Spamalot won Harvest Rain the Matilda Award for Best Musical or Cabaret in 2014.

In 2015, the company produced The Pirates of Penzance to celebrate QPAC's 30th birthday. The show starred Andrew O'Keefe, John Wood and Nancye Hayes and featured Billy Bourchier as Frederic and Georgina Hopson as Mabel, in their professional debut. The production was directed by Simon Gallaher.

In 2016, Harvest Rain presented an arena production of Hairspray in Brisbane, Adelaide and Newcastle, with a cast featuring Lauren McKenna, Simon Burke, Christine Anu, Tim Campbell, Wayne Scott Kermond and Amanda Muggleton.
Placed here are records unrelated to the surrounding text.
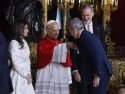 Alfonso Rueda saluda al papa León XIV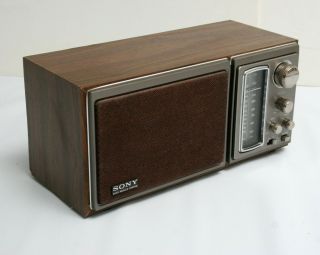 Sony Icf - 9580w Am Fm 2 - Band Vintage Radio Bass Reflex System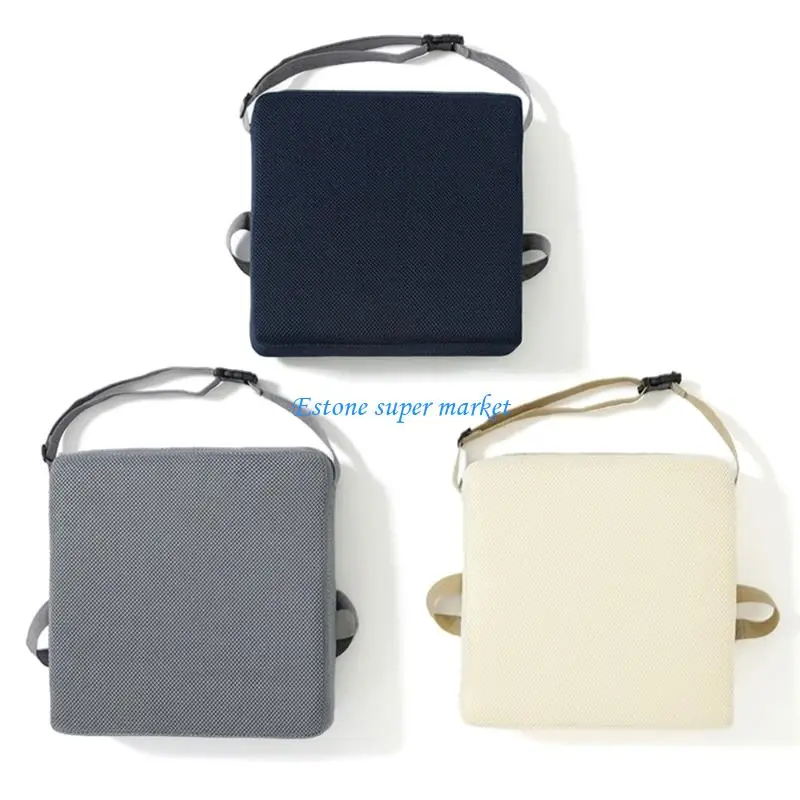 

090B Travel Friendly Infant Feeding Cushion Nonslip Base with Safety Belts Accent Machine Washable Design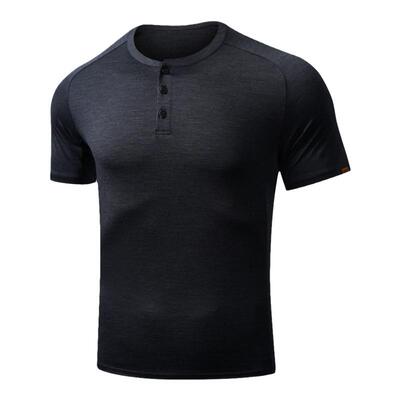 灰壳美利奴羊毛排汗速干短袖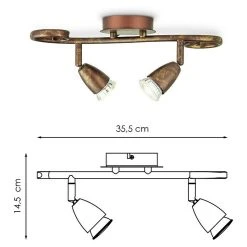 BAUHAUS Home Sweet Home LED-Deckenstrahler Curl 5,8 W, L X B X H: 11,5 X 35,5 X 14,5 Cm, Bronze, Warmweiß 13 BAUHAUS Home Sweet Home LED-Deckenstrahler Curl 5,8 W, L X B X H: 11,5 X 35,5 X 14,5 Cm, Bronze, Warmweiß -Bauhaus Home 12 2930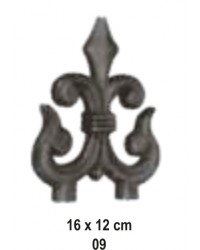Ponta de Lança Flor de Liz Nº 09 - Cod.: 0261 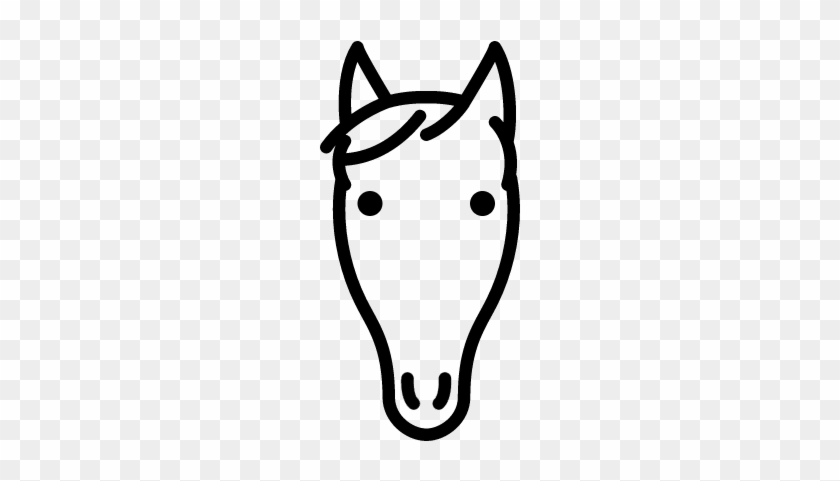 Horse Head Vector - Horse #365850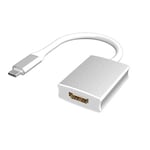 SODIAL Cable Adaptateur USB3.1 Type-C vers HDMI Convertisseur HD 4Kx2K Type-C vers HDMI pour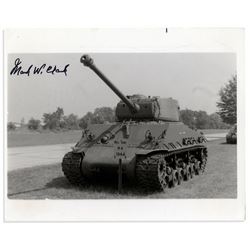 WWII General Mark Clark Signed 8 x 10 Photo Signature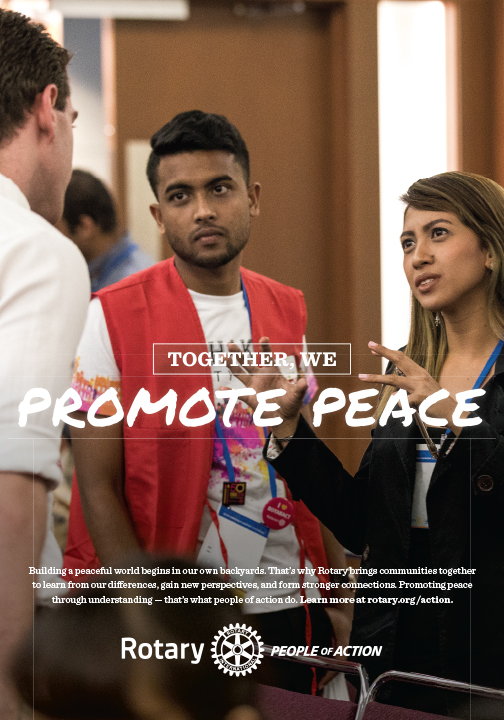 Rotary People of Action campaign: Together, we promote peace.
An arena production of Grease followed, performed in Brisbane, Newcastle and Adelaide in 2017, Sydney, Melbourne, Canberra and Brisbane again, in 2018. In 2019, an arena production of The Wizard of Oz toured Brisbane, Adelaide and Newcastle in 2019 and Sydney in 2020.

Connection with sexual assault charges 
In November 2022, the company (now rebranded as AVT Live), was reported to have cancelled an Australian capital city tour of We Will Rock You: The Arena Experience after two men connected to the company were charged with a combined 75 sexual assault offences against eight men and boys aged 12 to 29 between 2001 and 2021.  As of 15 November 2022, the company's headquarters were reported as closed.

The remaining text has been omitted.